Tricare for Life pays after Medicare for medical care within the United States. For overseas care, Tricare for LIfe is the primary coverage, assuming you don't have a third policy. There are two contractors that handle Tricare for Life: Wisconsin Physician Services, for care provided in the U.S., and International SOS, for care provided outside the U.S.
Tricare for Life coverage is tied to the individual, so if you have other family members who are not using Medicare, they will keep their regular Tricare plan. If your move to Tricare for Life leaves just one family member using regular Tricare, their enrollment rate will move from the family rate to the individual rate.

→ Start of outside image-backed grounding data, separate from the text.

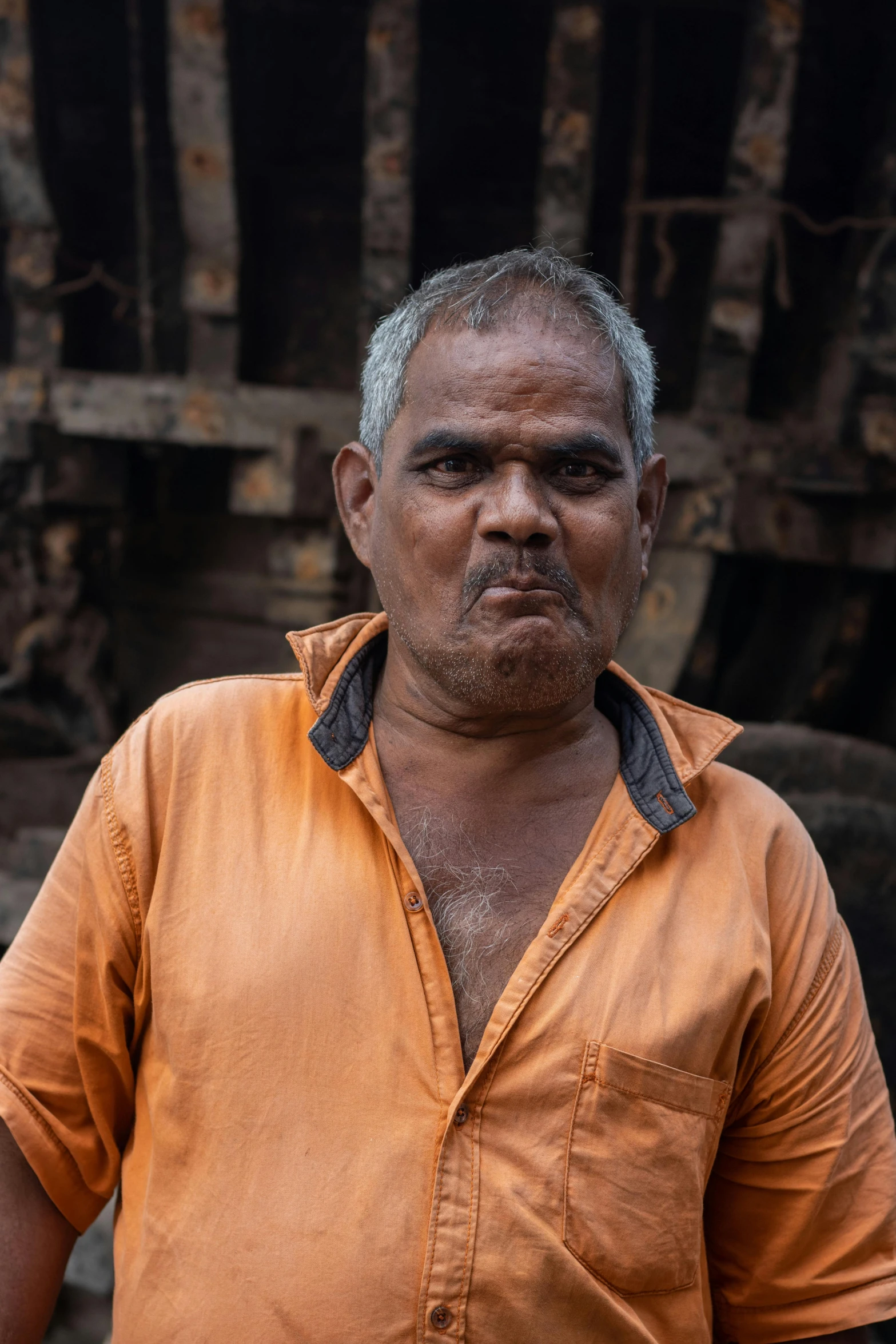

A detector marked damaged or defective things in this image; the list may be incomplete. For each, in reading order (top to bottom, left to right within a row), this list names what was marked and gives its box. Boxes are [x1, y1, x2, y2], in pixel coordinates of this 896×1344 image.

rusty metal structure [0, 0, 891, 860]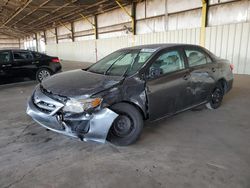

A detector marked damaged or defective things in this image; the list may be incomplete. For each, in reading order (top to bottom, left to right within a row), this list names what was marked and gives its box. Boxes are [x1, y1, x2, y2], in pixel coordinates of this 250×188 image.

crushed front end [26, 85, 118, 142]
missing front bumper [26, 97, 118, 143]
crumpled hood [41, 69, 123, 98]
broken headlight [63, 97, 102, 114]
damaged sedan [26, 43, 233, 145]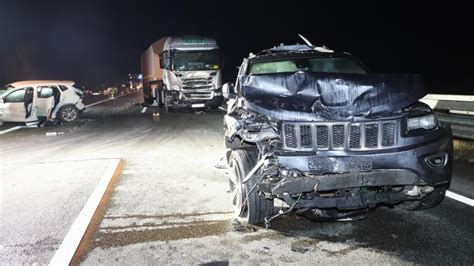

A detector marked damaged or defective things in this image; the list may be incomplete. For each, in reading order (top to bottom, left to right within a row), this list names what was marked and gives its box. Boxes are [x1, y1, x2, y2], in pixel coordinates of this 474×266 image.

crumpled suv hood [239, 71, 428, 119]
damaged black suv [222, 42, 452, 225]
broken headlight [406, 113, 438, 131]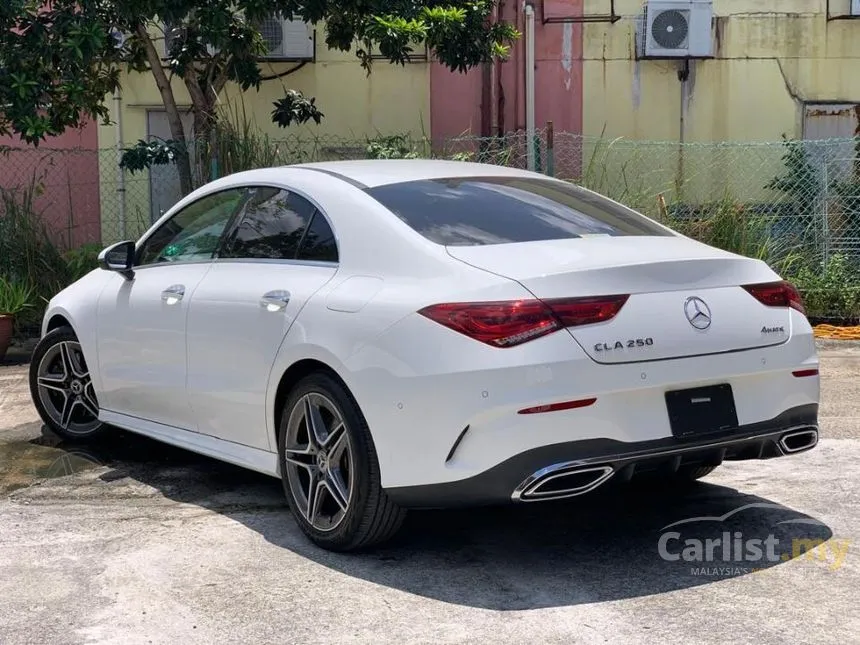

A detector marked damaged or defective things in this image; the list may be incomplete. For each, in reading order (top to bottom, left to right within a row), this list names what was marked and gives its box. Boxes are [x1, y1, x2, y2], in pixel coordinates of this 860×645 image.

cracked concrete ground [1, 344, 860, 644]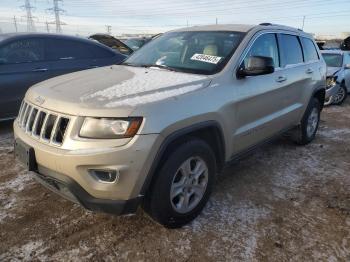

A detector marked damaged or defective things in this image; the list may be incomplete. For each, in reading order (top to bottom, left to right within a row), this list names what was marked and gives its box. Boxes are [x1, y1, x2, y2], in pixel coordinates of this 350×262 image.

damaged suv [13, 24, 326, 227]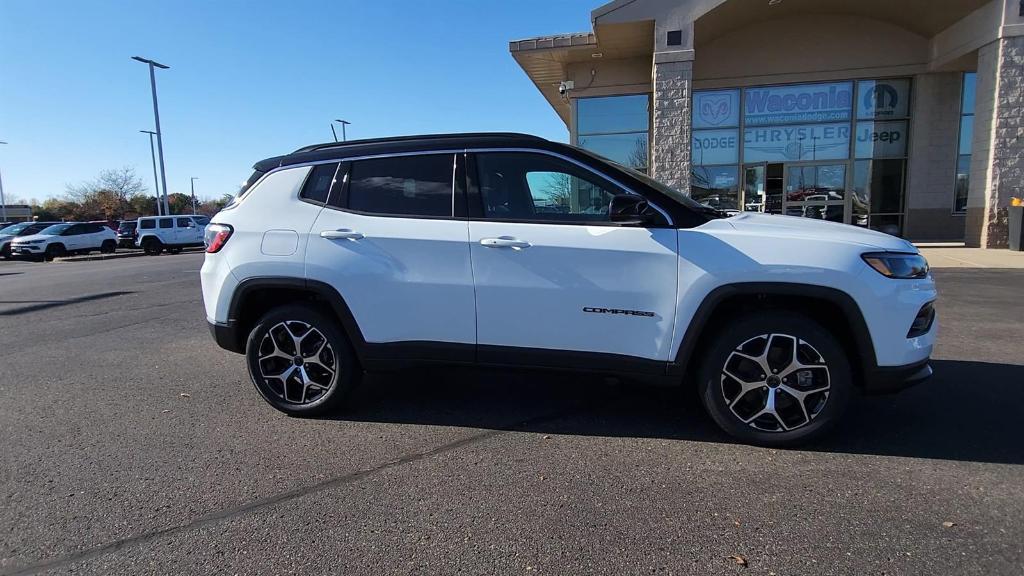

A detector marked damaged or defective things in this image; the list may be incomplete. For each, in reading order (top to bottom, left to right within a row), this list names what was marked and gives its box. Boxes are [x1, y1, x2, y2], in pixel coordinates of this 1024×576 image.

pavement crack [0, 405, 573, 569]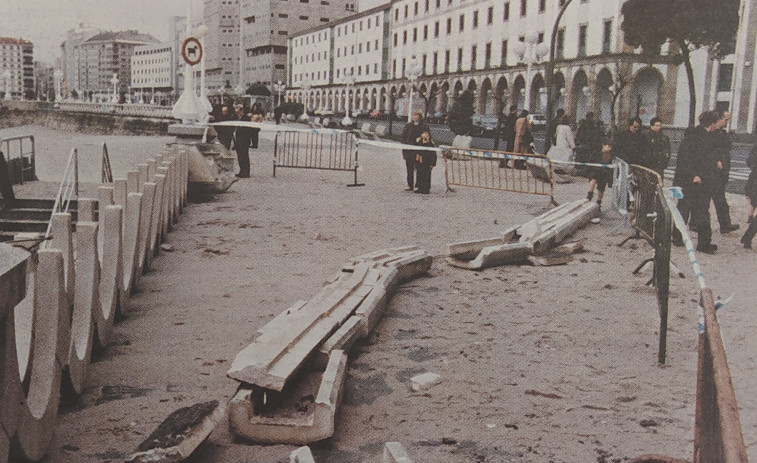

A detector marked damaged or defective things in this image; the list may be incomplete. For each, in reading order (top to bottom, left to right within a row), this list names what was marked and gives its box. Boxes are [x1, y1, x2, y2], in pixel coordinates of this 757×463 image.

broken concrete slab [124, 398, 223, 463]
broken concrete slab [227, 350, 348, 444]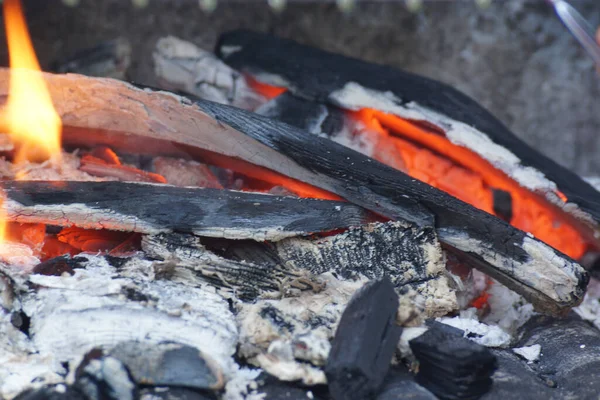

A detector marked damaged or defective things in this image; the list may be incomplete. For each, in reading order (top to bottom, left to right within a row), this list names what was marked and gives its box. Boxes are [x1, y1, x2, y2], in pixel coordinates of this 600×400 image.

burnt wood edge [1, 181, 370, 241]
burnt wood edge [195, 97, 588, 312]
burnt wood edge [214, 29, 600, 223]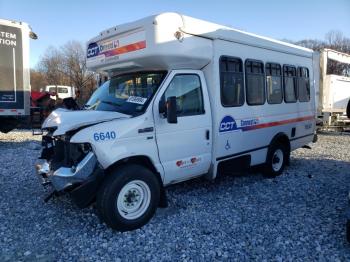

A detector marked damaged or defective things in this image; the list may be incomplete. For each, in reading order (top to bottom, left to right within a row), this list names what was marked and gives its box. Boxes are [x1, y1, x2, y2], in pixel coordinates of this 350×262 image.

crumpled hood [42, 108, 130, 135]
damaged front end [36, 131, 104, 207]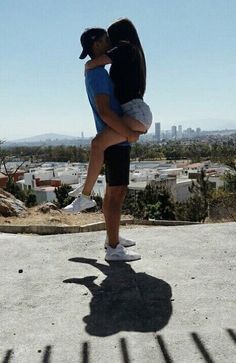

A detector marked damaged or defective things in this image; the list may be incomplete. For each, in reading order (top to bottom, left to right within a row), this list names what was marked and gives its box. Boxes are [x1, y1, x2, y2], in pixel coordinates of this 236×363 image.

cracked concrete edge [0, 219, 201, 236]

Many people ask if they should maintain a third insurance coverage plan if they have Medicare and Tricare for Life. You should evaluate your individual situation, but in most cases, everything that is covered by the other insurance plan would be covered by Tricare for Life. Eliminating the other plan can create substantial savings in your overall health-care costs. However, you need to evaluate this decision carefully, as everyone has unique health-care concerns.
Compare the Tricare and Medicare pharmacy programs.
Tricare for Life extends the outstanding coverage of Tricare, even once Medicare becomes your primary health-care coverage. Understanding how they work, and work together, can ensure that you are receiving the full benefit of the two plans.